▸ **TASK DIRECTIONS**
Could you copy every line of the data that contains "Nike"?

▸ **INFORMATION GIVEN**
⁂

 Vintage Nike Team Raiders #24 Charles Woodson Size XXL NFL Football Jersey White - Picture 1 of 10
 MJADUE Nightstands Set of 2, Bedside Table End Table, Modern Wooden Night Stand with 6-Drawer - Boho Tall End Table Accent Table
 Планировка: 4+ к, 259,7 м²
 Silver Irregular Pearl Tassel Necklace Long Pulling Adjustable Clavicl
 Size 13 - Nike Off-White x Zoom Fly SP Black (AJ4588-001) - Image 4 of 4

⁂

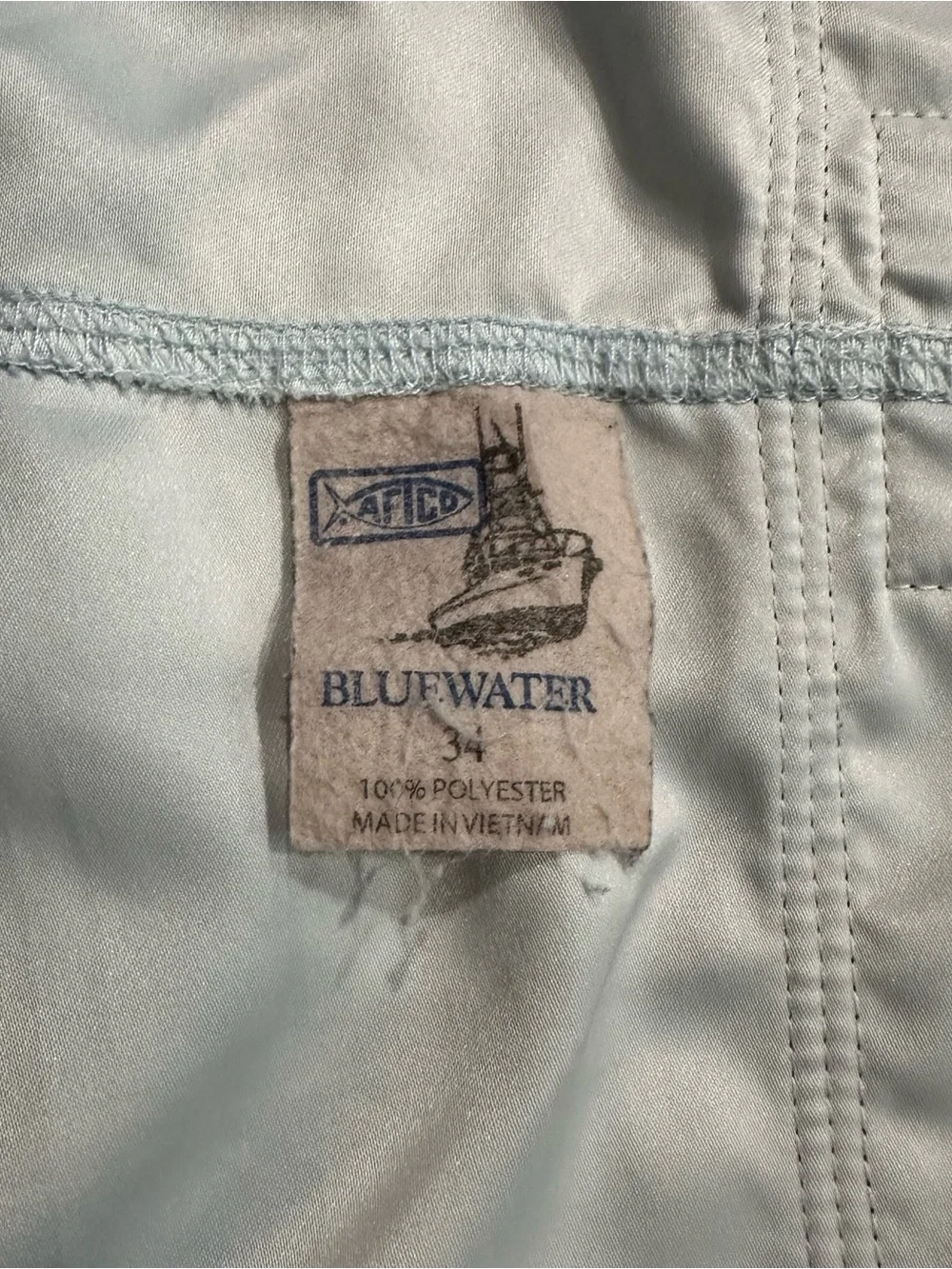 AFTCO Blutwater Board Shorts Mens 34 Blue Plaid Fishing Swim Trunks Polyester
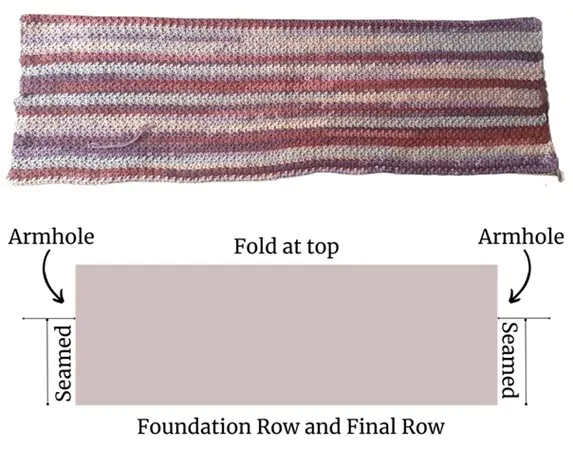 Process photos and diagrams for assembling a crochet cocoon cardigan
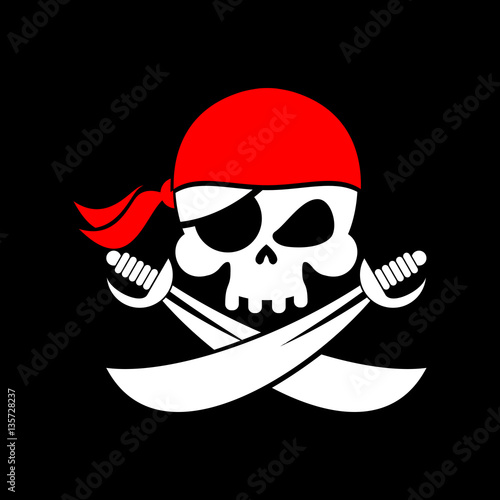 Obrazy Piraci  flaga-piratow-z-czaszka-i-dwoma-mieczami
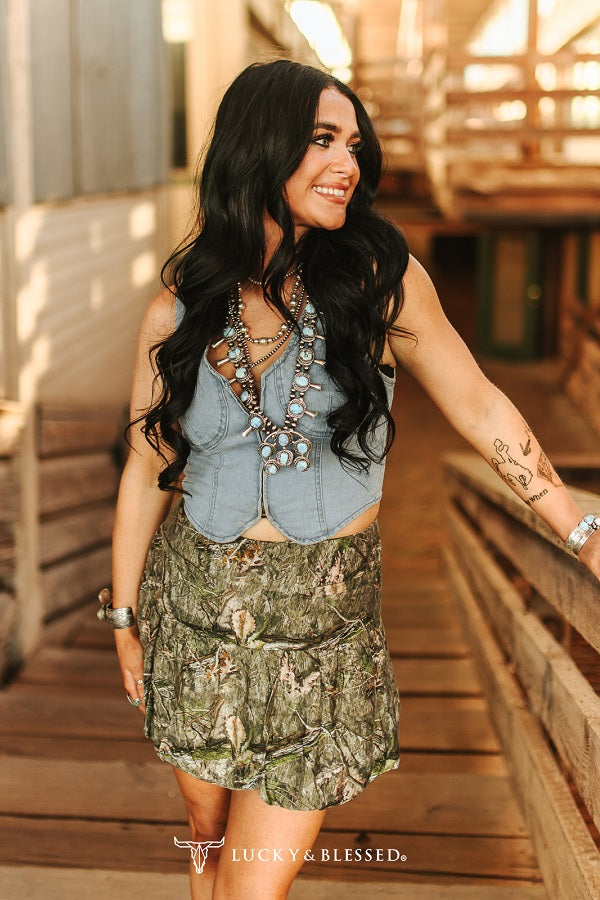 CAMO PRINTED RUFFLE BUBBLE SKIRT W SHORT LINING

⁂

▸ **RESULT**
 Vintage Nike Team Raiders #24 Charles Woodson Size XXL NFL Football Jersey White - Picture 1 of 10
 Size 13 - Nike Off-White x Zoom Fly SP Black (AJ4588-001) - Image 4 of 4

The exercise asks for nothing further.